EXERCISE MATERIALS:
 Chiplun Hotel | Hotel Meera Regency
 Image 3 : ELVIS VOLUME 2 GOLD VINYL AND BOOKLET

* * *

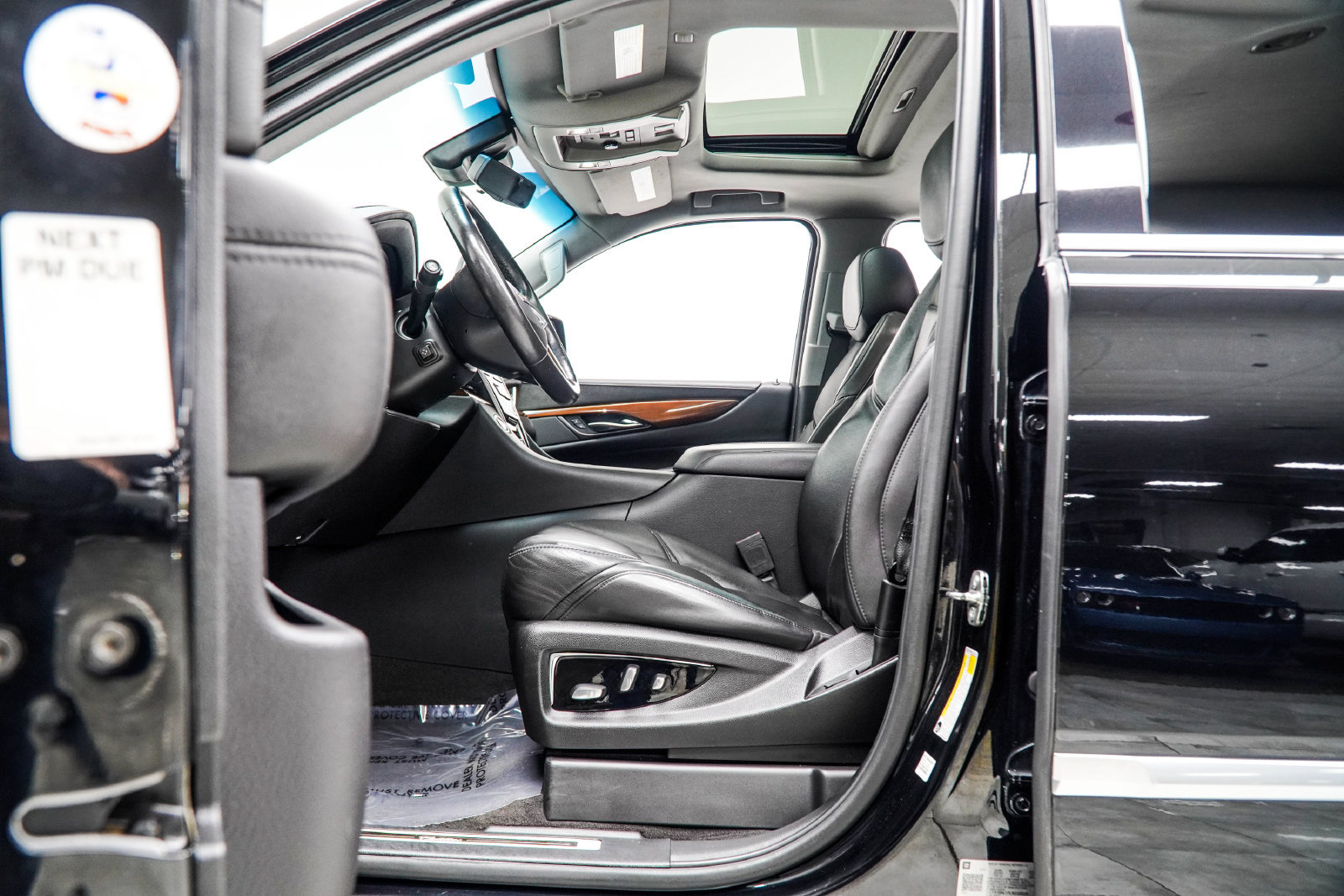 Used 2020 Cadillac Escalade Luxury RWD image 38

THE TASK:
Will you return exactly the lines above from the one with "Chiplun Hotel | Hotel Meera Regency" down to the one with "Image 3 : ELVIS", counting both as part of the range?

ANSWER SPACE:
 Chiplun Hotel | Hotel Meera Regency
 Image 3 : ELVIS VOLUME 2 GOLD VINYL AND BOOKLET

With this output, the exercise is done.